SQL (Structured Query Language) databases are commonly used to store information that is highly regular and strongly typed. In addition, such databases support transactional properties such as atomicity, consistency, isolation, and durability. Most cloud providers support managed SQL databases that obviate the need for the developer to manually install servers themselves. In this codelab, we will practice the basics of the SQL language and show how SQL databases can be quickly brought up in the cloud.
Visit the SQL quiz at https://www.w3schools.com/sql/sql_quiz.asp.
You do not have to be perfect, but check the ones you got incorrect.
Google Cloud Platform's Cloud SQL provides a drop-in replacement for a variety of SQL databases that one can run. In this section, we will create a managed MySQL database within Cloud SQL, set up its tables, and then query it using standard MySQL tools. To begin with, within Cloud Shell, download the database files and change into the lab directory
git clone https://github.com/GoogleCloudPlatform/training-data-analyst cd training-data-analyst/CPB100/lab3a
Examine the data definition language (DDL) commands in
cloudsql/table_creation.sql that specifies the schema and answer the following questions:
Examine the data that fills in these tables at
cloudsql/accommodation.csv. Find the accommodations in Dublin, then answer the following question.
We will now stage these files on a storage bucket so that the Cloud SQL service can use them when creating and initializing a server for us. To begin with, create a regional storage bucket in
us-west1 with a unique name:
gsutil mb -c regional -l us-west1 gs://<BUCKET-NAME>
Then, copy the files from the
cloudsql directory over to it.
gsutil cp cloudsql/* gs://<BUCKET-NAME>/sql/
In subsequent steps, we will be accessing our SQL database from Cloud Shell. To enable access, we must first find the external IP address of the Cloud Shell session. There are a variety of sites that will report back the IP address of a web request. To do so for your Cloud Shell session, run the following command and record your session's IP address.
curl http://ipecho.net/plain ; echo
Finally, visit the Cloud Storage service from the web console to verify that your files have been copied over.
In the web console, scroll down and select the SQL service or go directly to the service at https://console.cloud.google.com/sql. Create an instance and choose the MySQL engine.

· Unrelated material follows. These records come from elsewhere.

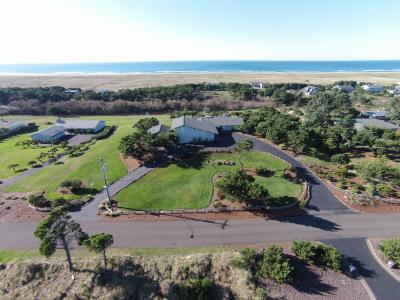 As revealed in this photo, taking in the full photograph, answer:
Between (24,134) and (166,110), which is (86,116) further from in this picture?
(166,110)

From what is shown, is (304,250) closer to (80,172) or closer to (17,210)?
(17,210)

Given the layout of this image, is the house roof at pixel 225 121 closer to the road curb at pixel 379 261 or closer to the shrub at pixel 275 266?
the road curb at pixel 379 261

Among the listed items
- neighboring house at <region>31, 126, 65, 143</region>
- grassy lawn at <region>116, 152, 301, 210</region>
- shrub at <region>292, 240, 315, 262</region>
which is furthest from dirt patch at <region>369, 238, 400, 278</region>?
neighboring house at <region>31, 126, 65, 143</region>

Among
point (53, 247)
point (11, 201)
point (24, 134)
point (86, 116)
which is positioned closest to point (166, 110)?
point (86, 116)

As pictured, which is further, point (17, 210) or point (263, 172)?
point (263, 172)

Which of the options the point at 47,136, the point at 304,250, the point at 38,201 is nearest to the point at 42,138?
the point at 47,136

With the default settings, name the instance
rentals, place it in
us-west1-b, and set the root password for the database. (Remember the password). Then, in the data protection section of the configuration options, disable instance deletion protection as shown below.

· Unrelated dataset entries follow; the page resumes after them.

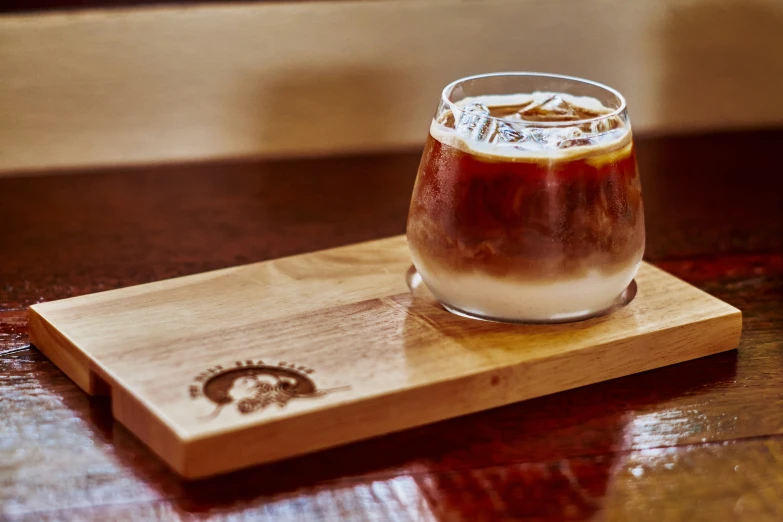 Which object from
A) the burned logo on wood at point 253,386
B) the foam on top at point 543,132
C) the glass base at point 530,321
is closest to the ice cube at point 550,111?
the foam on top at point 543,132

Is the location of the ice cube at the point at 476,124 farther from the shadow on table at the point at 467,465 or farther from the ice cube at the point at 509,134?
the shadow on table at the point at 467,465

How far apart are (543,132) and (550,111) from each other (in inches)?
2.8

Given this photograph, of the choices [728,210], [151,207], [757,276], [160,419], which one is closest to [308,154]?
[151,207]

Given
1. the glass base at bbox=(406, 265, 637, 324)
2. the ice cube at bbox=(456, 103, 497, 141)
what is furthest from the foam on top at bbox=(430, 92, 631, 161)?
the glass base at bbox=(406, 265, 637, 324)

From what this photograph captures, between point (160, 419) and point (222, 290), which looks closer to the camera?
point (160, 419)

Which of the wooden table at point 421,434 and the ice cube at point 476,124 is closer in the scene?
the wooden table at point 421,434

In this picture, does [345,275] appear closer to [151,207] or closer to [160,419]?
[160,419]

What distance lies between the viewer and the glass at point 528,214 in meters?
0.73

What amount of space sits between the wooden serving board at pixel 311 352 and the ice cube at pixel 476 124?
0.14 m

Create the instance and make a note of the external IP address of the MySQL instance that has been brought up.
After the instance has been created, click on the instance and edit it. Within "Connections" in the instance's networking settings, add an authorized network that will be allowed to connect to the instance.
Add a network using the IP address of your Cloud Shell session given as a CIDR route (e.g. w.x.y.z/32). Click on "Done", then "Close".
Then, scroll down and save the changes for the instance.
Alternatively, one can use the command-line interface to bring up the instance. Within Cloud Shell, bring up a MySQL instance using a pre-configured machine type, specifying the Cloud Shell IP address in the authorized networks settings to allow access from it.
gcloud sql instances create rentals \ --database-version MYSQL_8_0 \ --tier=db-g1-small \ --region=us-west1 \ --authorized-networks <CloudShell_IP>
After the instance has been brought up, its IP address is returned. Set the instance's
root password by setting it in the command below.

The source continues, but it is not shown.